Should have been half the friend to her that she’s been to me.

‘Sara,’ I say, my voice thick, reaching for her hand and squeezing it hard. ‘I am so unbelievably sorry.’

She squeezes back. ‘So you don’t hate him?’ she says, sniffing.

‘I could never hate someone you love, S,’ I say, pulling her into a hug. Sadness settles deep in my chest – that I caused this distance between us, which I’ve been putting down to her moving on and leaving me behind. How stupid I’ve been, thinking I was blocked from the rest of the world by some unseen force, but it was a wall I built myself: the first bricks laid between Jack and I in that car park, and then layer after layer between myself and everyone else once my dad died. A protection from the rest of the world, which also kept me from the people I loved. Even Sara, who I’d thought was the only person it didn’t apply to. How dense not to see that I was at the heart of it, this whole time. ‘I just want you to be happy. Always. You’re my best friend.’

She holds me tighter. ‘Thanks, A.’

After a few moments I pull away, crying, and see she’s crying too.

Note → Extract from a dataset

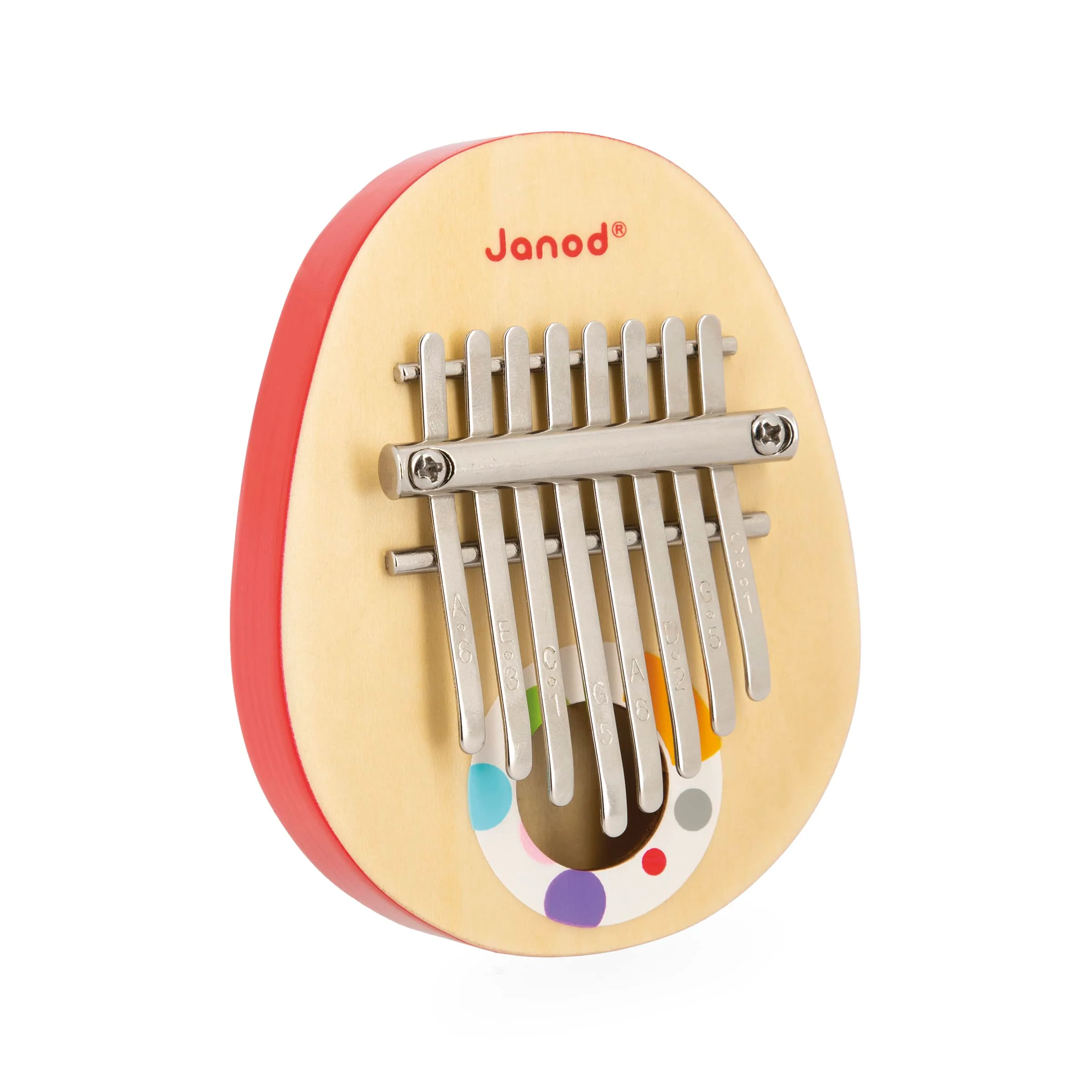 Janod - Confetti Holz-Kalimba - Rollen- und Musikspielzeug - 8 Lamellen aus Metall - Kalimba für Kinder mit Sanftem Klang - Ab 3 Jahren, J07642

We laugh, brushing tears from our eyes. ‘I have something to show you,’ I say, and I get up and walk over to the spare room, where I’ve been going through the box of things from university. I retrieve the photograph of us and hand it to her. She looks up at me, momentarily shocked that I’ve finally opened the box, but then smiles, slowly tracing the ‘B E S T F R I E N D’ stickers she had stuck to the top of the frame.

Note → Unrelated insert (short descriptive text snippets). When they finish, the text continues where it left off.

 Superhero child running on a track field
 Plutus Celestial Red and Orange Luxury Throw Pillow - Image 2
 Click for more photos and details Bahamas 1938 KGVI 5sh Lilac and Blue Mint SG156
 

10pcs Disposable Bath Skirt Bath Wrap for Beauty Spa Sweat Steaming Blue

She hands it back to me after a few moments, and it’s like no time has passed – we’re back in her room in Edinburgh, and I’m sitting next to her plushies, tearing the paper off this gift, feeling an overwhelming warmth for her as I read those words. No one had ever called me their best friend before.

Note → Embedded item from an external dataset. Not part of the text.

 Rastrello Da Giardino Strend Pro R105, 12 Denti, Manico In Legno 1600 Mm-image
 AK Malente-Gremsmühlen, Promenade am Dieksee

‘I’m so proud of you, Andie. It must have been hard, going through all this stuff,’ she says. Her voice falters a bit as if she’s getting choked up again. ‘And – I’m really sorry for pushing you so hard about Jack. I—’ She pauses, collecting herself. I lean in, sensing that whatever she says next will be important. ‘I’ve never told you, but I’ve always felt responsible for what happened in Edinburgh. You were so wonderful to me, and you ended up getting hurt so badly. I just – I wanted you to give yourself a chance to heal, but maybe that was selfish, more about my own guilt than what was best for you.’

Another punch to the gut. I had no idea she felt this way, that she’d been holding on to this for so long. ‘Oh, S, I would burn everything down for you, every single time, no matter the hurt,’ I say, letting out a sigh – of sadness that we’ve never spoken about this properly until now; of relief that it’s finally out in the open, finally released. ‘And you have no reason to apologise about Jack – you were right. About all of it. Like always. I’m only sorry I didn’t listen to you earlier,’ I continue, my throat constricting at the thought of Jack, in that car park. His face as I walked away. ‘It would have avoided a lot of pain.’

She smiles, her eyes welling up, too, and squeezes my hand, but then her forehead creases as she processes the full extent of my words. ‘What have I missed?’